/daggr

DAGGR is a tool to generate and execute data pipelines defined as Directed Acyclic Graphs (DAGs)

Primary LanguagePython

DAGGR - Directed Acyclic Graph Generator & Runtime

codecov

DAGGR logo --- a dagger over the letters DAGGR

This is a toy project.

DAGGR is designed to define and execute workflows that can be represented as Directed Acyclic Graphs (DAGs) using a declarative approach, using YAML files for example.


Installing

Install the Python library and CLI with pip by cloning the repository.

git clone https://github.com/gabriel-rp/daggr.git
pip install daggr

Concepts

DAG Steps

Each DAG is composed of series of steps. These steps can have inputs, outputs, parameters and dependencies.

Step Input

There is currently one kind input sources: step. These are inputs loaded from a previous step's output.

  • TODO: create an input source static, loaded from files stored in the file system.

Step Output

A step output is always the returned value from a step function's with the @output decorator, provided by the DAGGR library.

  • TODO: support multiple outputs per step.

Dependencies

Drawing of a step B with a dependency on the output of a step A

An explicit dependency can be configured in the workflow definition by specifying the step name. See below for more details.

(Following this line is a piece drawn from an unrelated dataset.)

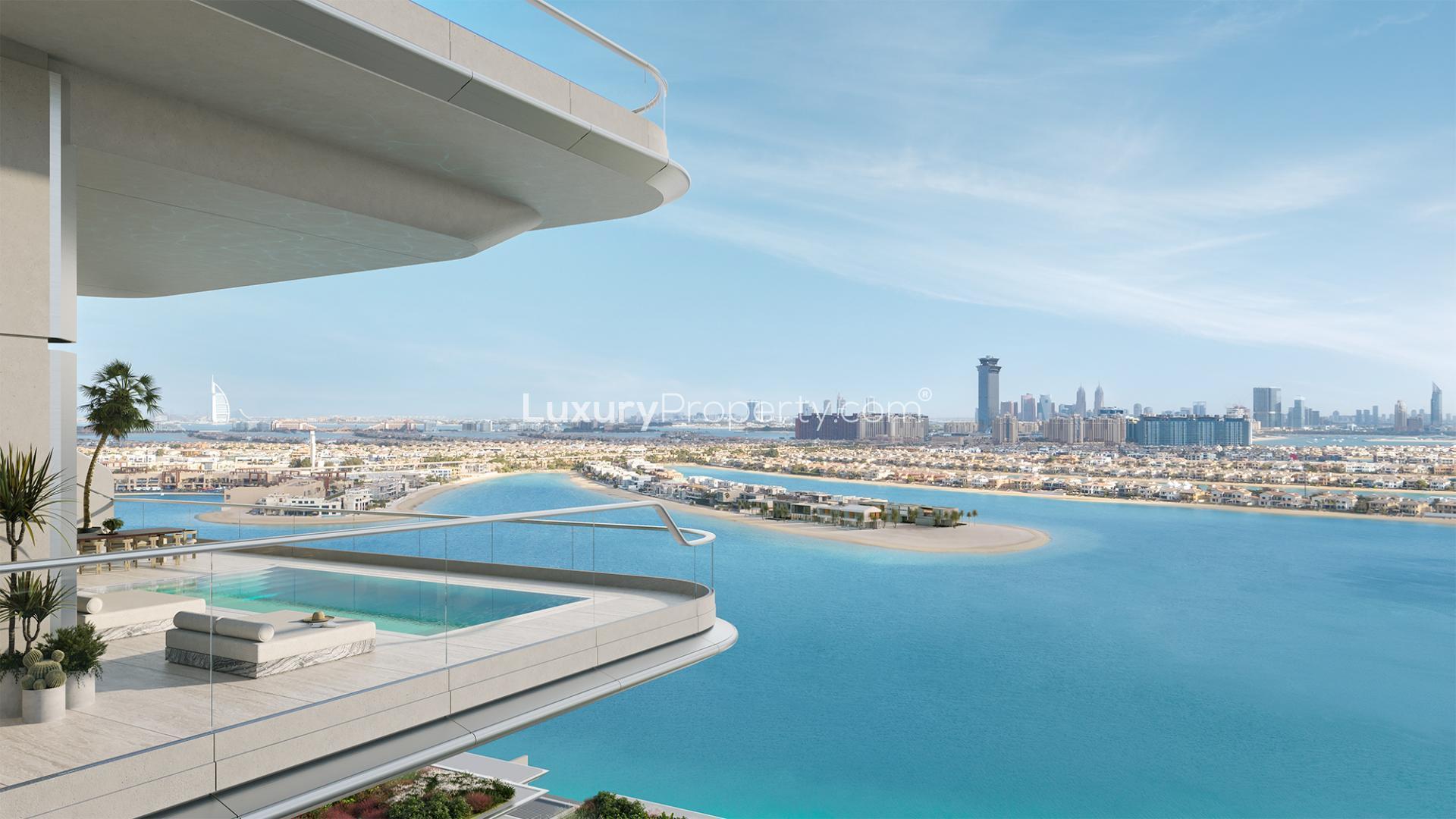 4 bed Duplex with Palm Views | Private Pool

  • TODO: allow implicit dependency configuration, inferred from inputs coming from step's outputs.
    The implicit dependency is set by simply having Step B with inputs that depend on the outputs of Step A.

Workflow Definition

A workflow definition can be declared via a YAML file with the following fields:

  • dag: name of the DAG
  • steps: key-value pairs, where the key represents the step's name and the value has the step's configuration
    • script: path of the script to be executed. If omitted, the name of the step followed by .py will be used
    • parameters: key-value pairs passed to the step as parameters
    • inputs: key-value pairs containing input names and source
    • depends_on: list of steps that must be executed before this step

Simple workflow definition example:

dag: my_dag

steps:
  step1: 
    script: my/script/location

  step2:
    inputs:
      data: output:step1
    parameters:
      answer: 42
    depends_on: 
      - step1

Step Definition

Any python script can be used in the steps, but to be able to use inputs, output, and parameters, one must use the decorators @inputs, and @output provided by the DAGGR library.

Example:

from daggr.core.decorators import inputs, output

@inputs()
@output("approved", type="pickle")
def filter(inputs: Dict[str, Any] = None, parameters: Dict[str, Any] = None):
    approved = {}
    data = inputs['input_name']
    param = parameters['parameter_name']
    # ...
    return approved

Workflow execution

To execute a workflow, use the run command provided by the DAGGR CLI, daggr, passing the workflow definition file as an argument.

Example:

  • Workflow definition (located in workflows/examples/simple_workflow/workflow.yml)

    dag: simple_workflow
    steps:
      generate_scores: {}
    
      filter_passing_scores:
        inputs:
          grades: output:generate_scores
        parameters:
          passing_score: 7
        depends_on: 
          - generate_scores
    
      display_scores:
        inputs:
          approved: output:filter_passing_scores
        depends_on: 
          - filter_passing_scores
  • Execution via CLI

    daggr run -w workflows/examples/simple_workflow/workflow.yml
  • Expected output

    2021-12-13 20:28:32,908 Executing step "generate_scores".
    2021-12-13 20:28:32,985 Step "generate_scores" StepState.SUCCESSFUL
    2021-12-13 20:28:32,985 Executing step "filter_passing_scores".
    2021-12-13 20:28:33,061 Step "filter_passing_scores" StepState.SUCCESSFUL
    2021-12-13 20:28:33,061 Executing step "display_scores".
    2021-12-13 20:28:33,134 Step "display_scores" StepState.SUCCESSFUL
    ======== STDOUT Step "generate_scores" ======== 
    DAGGR_INPUTS={}
    DAGGR_DAG_NAME=simple_workflow
    DAGGR_OUTPUTS_PATH=.../daggr/workflows/examples/simple_workflow/outputs
    DAGGR_STEP_NAME=generate_scores
    DAGGR_PARAMETERS={}
    
    ======== 
    ======== STDOUT Step "filter_passing_scores" ======== 
    inputs {'grades': {'1': {'score': 5}, '2': {'score': 7}, '3': {'score': 8}, '4': {'score': 2}, '5': {'score': 1}, '6': {'score': 10}}}
    parameters {'passing_score': 7}
    
    ======== 
    ======== STDOUT Step "display_scores" ======== 
    {'2': {'score': 7}, '3': {'score': 8}, '6': {'score': 10}}
    
    ======== 
    

Development

The Makefile in the repo contains recipes that aid development.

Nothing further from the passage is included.